Para intentar recuperar el valor de este tipo de discursos puede argumentarse que estamos frente a una serie de películas de género, y sería cierto. Pensando en ese sentido, La teoría del todo lo hace bastante bien: el actor principal es bueno y parecido a la persona real, la muchacha que hace de su esposa resulta bastante medida en la afectación, hay un par de diálogos que intentan dar cuenta de una verdadera intimidad con relativo éxito y algún toque de humor disfrutable. El personaje de Stephen Hawking es sin duda inspirador, por su doble condición de genio y de milagro del tiempo y del esfuerzo: ha logrado vivir muchísimo más que el promedio de personas con su misma enfermedad. La película lidia con el problema de la degeneración física con bastante valentía y naturalidad, aunque cayendo en algún que otro golpe bajo –Stephen se desmaya viendo una ópera, lo llevan en camilla en cámara lenta mientras suena Wagner y se ve el techo iluminado del teatro, y cuando le van a hacer una traqueotomía vemos al médico dibujar con marcador la cruz en su cuello para hacerle el agujero; con qué necesidad–. En cuanto a hacerse cargo de exponer los avances teóricos y académicos del científico, la película es bastante simplista y mediocre. Las explicaciones son breves y banales: toda la idea sobre el concepto de tiempo parece más centrada en convertirse en analogía de sus experiencias personales que en tomar forma como entidad teórica compleja y contundente. Además asistimos al recurso de ilustrar la inspiración del azar –por casualidad, Stephen mira la estufa a través de un buzo y ¡eureka!, ¡tiene una idea maravillosa!–, que a esta altura, en teorías que evidentemente tienen un trabajo inconmensurable detrás, resulta al menos infantil.

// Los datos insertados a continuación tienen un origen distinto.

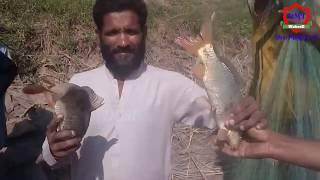 fish hunting by desi mahool tv JHANG BRANCH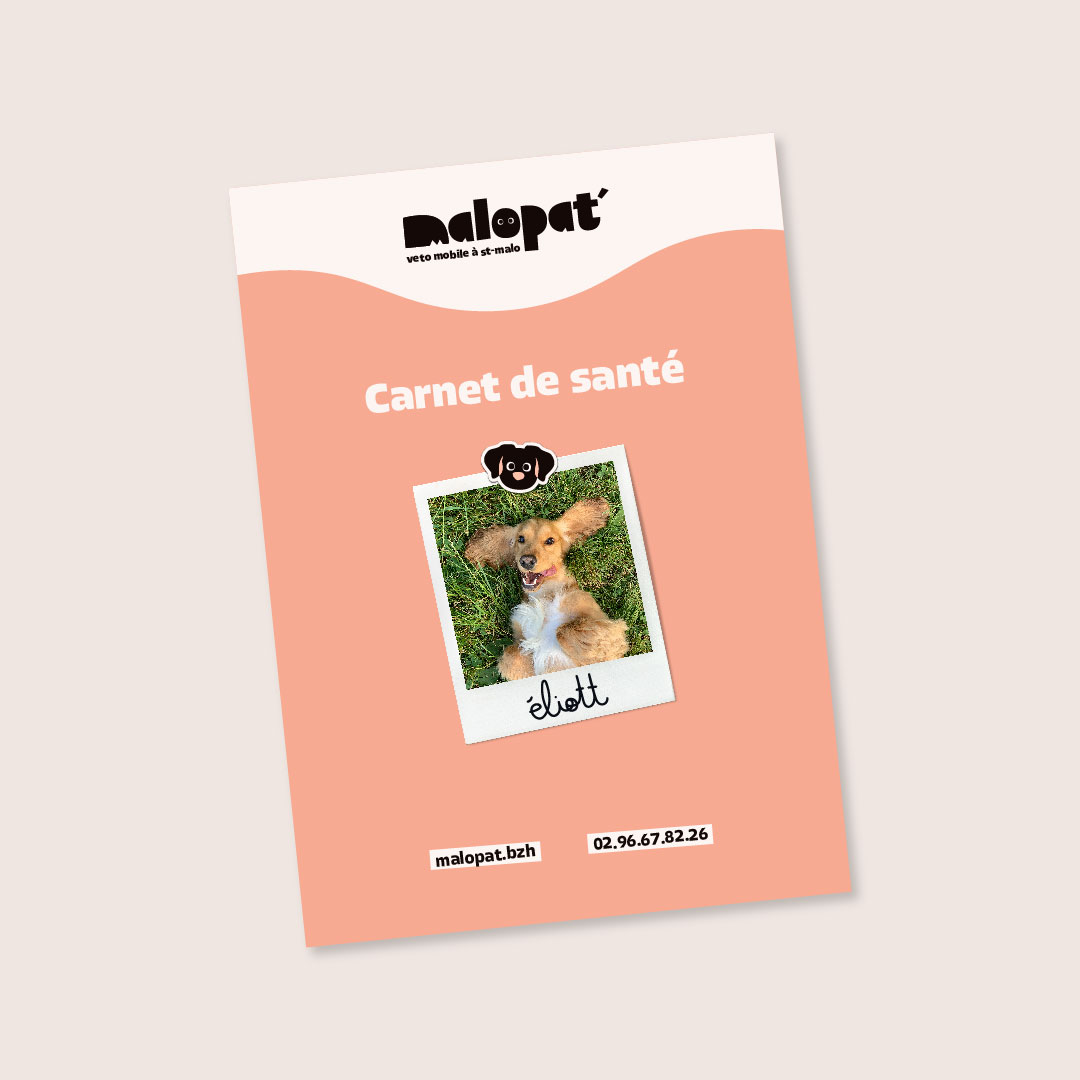 Découvrez notre dernier projet : MaloPat’, vétérinaire mobile à Saint-Malo ! Lunéa Studio, agence graphique santé, bien-être, cosmétique. Identité visuelle, logo, stickers, illustration, branding.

En la reconstrucción de época, si bien el arte y la técnica fotográfica cumplen con el eslogan de lo “bien hecho”, se respira un aire un poquito trucho en esas escenas que simulan ser súper 8 en un formato 16:9, en los peinados demasiado a la moda de hoy y sobre todo en el cuerpo de los actores y su relación con el espacio y con el cuerpo de los demás. Se salva la actriz que hace de enfermera cuando Hawking ya no puede hablar: como para el personaje, resulta un aire fresco de belleza y alegría para los espectadores.

Qué más. No es que la película sea “mala”; es un lindo ejercicio impersonal, que cumple con lo que se propone en términos de buscar la emoción, aunque utiliza para eso las maneras más obvias y predecibles –mejor me guardo la opinión sobre el final tipo video de cumpleaños de quince, con un montaje-raconto de imágenes de toda la película–. Creo que el problema de estos materiales es que no respetan una condición del cine de género: la falta de solemnidad, la falta de impostura. Estas producciones no deberían ser presentadas como películas “serias”, no deberían ganar el Oscar como si trabajaran de forma compleja ideas y sucesos complejos. Deberían pasarse en el cable a las tres de la tarde como lo que son: pequeños ejercicios industriales que cumplen con estándares añejos en cuanto a la idea de belleza. Capaz así encontrarían un espacio de oscuridad y anonimato donde experimentar un poco y renovar su batería de gastadísimas, oxidadas herramientas.